A pipeline to enrich network telemetry and generate detection findings.
Create the scaffold
We begin with creating a package.yaml file with the following metadata:
package.yaml
id: sslbl name: SSLBL author: Tenzir author_icon: https://github.com/tenzir.png package_icon: | https://raw.githubusercontent.com/tenzir/library/main/sslbl/package.svg description: | The [SSLBL](https://sslbl.abuse.ch/) package makes available a lookup table with SHA1 hashes of blacklisted certificates that can be used when monitoring SSL/TLS certificate exchanges.

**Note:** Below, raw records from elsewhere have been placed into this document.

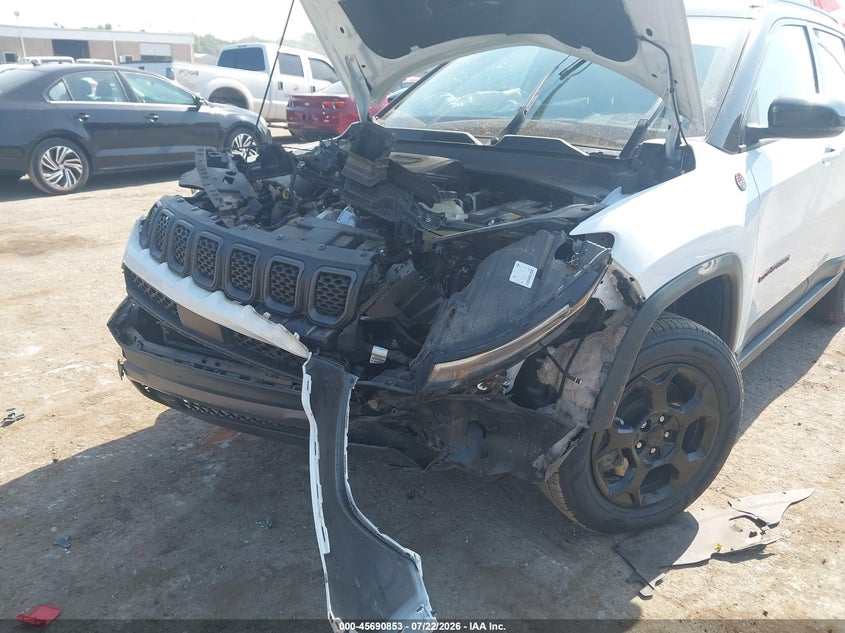 2023 JEEP COMPASS auction photo 6
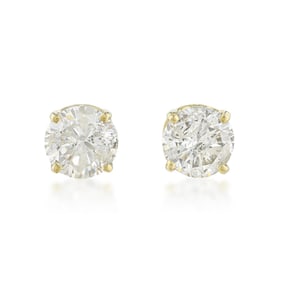 Diamond Stud Earrings In Yellow Gold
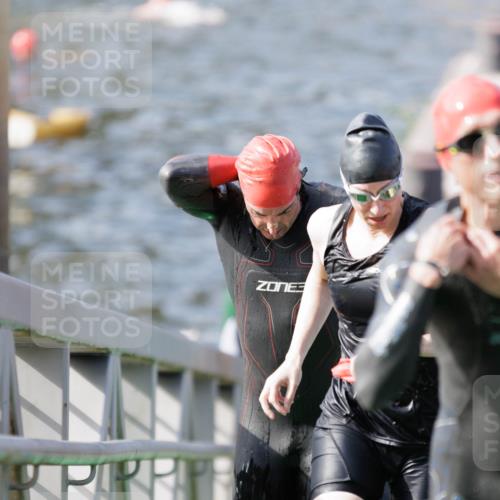 10.08.2025 - GEWOBA Citytriathlon Bremen H.Heesch http://msf.ph/oto/8551346 10.08.2025 10:21:30 Schwimmen 381, 382, 400, 409, 417, 428, 461, 491, 498, 500 meine-sportfotos.de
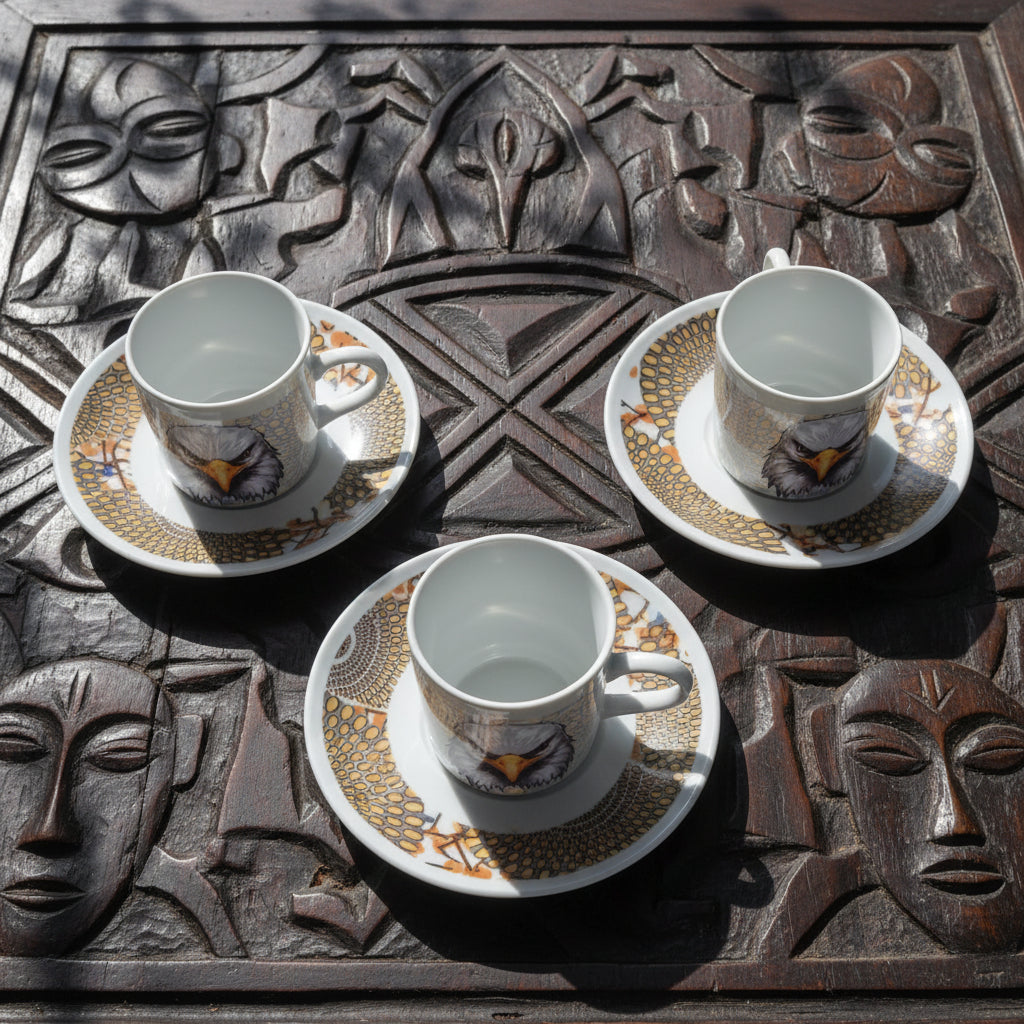 Tasse à Café en porcelaine Française avec soucoupe motif plein wax d'Afrique Gammaphone avec aigle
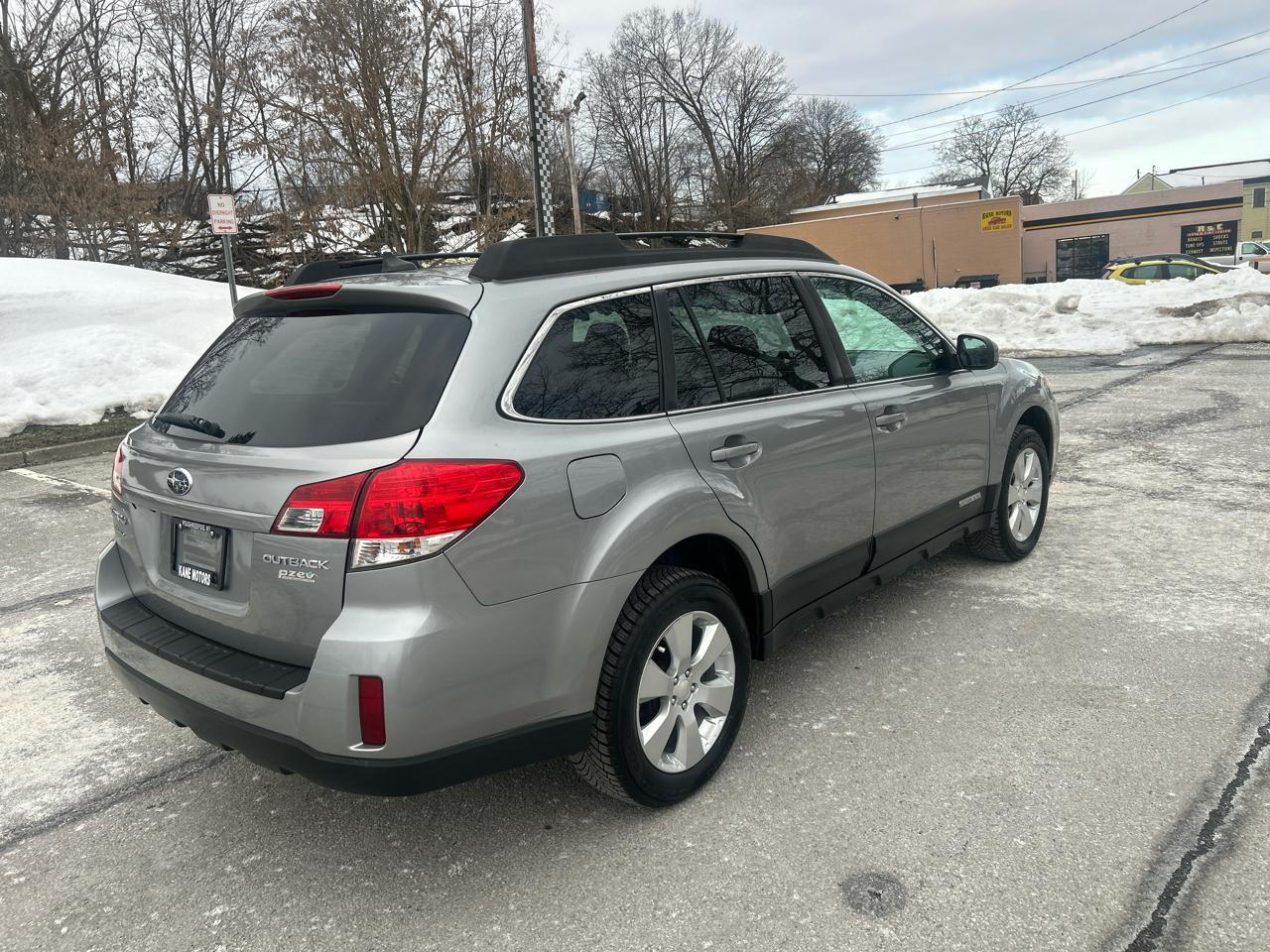 Subaru Outback 2.5i Limited 2011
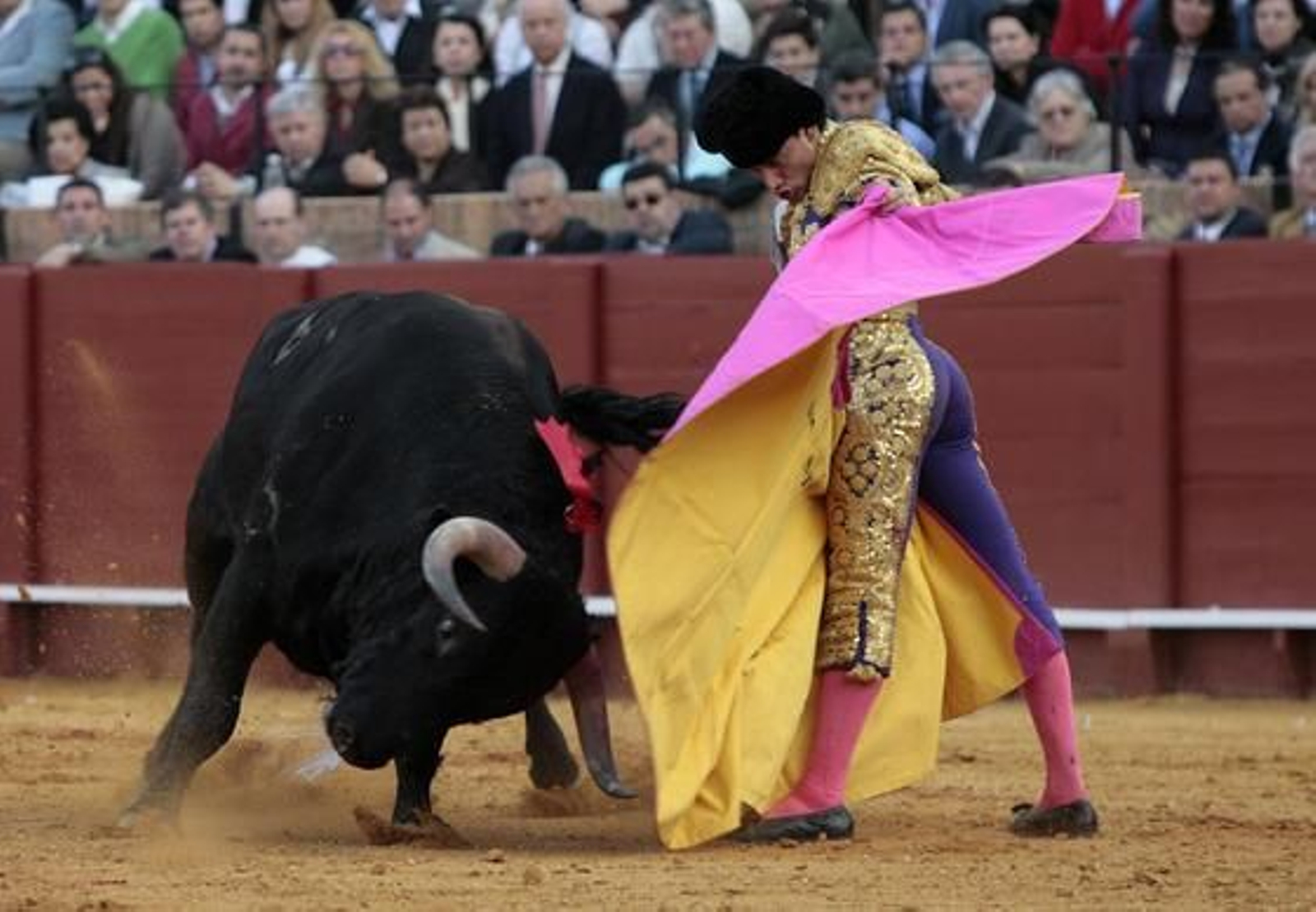 Oliva muestra su maestría con el capote.

Foto: Juan Carlos Muñoz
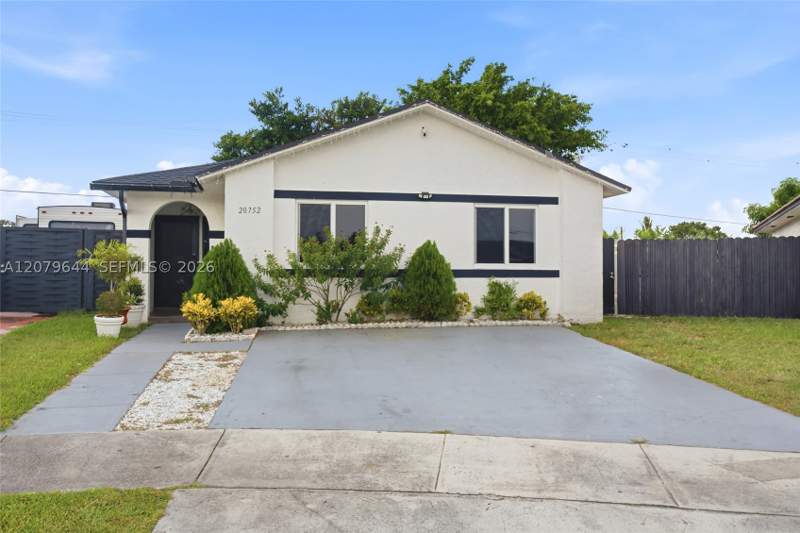4 bedroom SingleFamilyResidence at 20752 SW 121st Ct, Blue Heaven Landing, Miami — photo 2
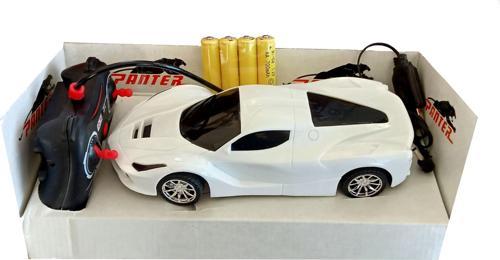 Beyaz Şarjlı Full Fonksiyon Uzaktan Kumandalı Yarış Arabası 1:20 Panter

Add your pipelines, context, and examples
After providing the package metadata, we now do the heavy lift of writing pipelines, contexts, and examples.
Add a context
First, we need a data structure to hold the SSLBL data so that we can use it inside the node. TO this end, we define a lookup table in the contexts section:
package.yaml
contexts: sslbl: type: lookup-table description: | A table that is keyed by SHA1 hashes of SSL certificates on the SSL blocklist.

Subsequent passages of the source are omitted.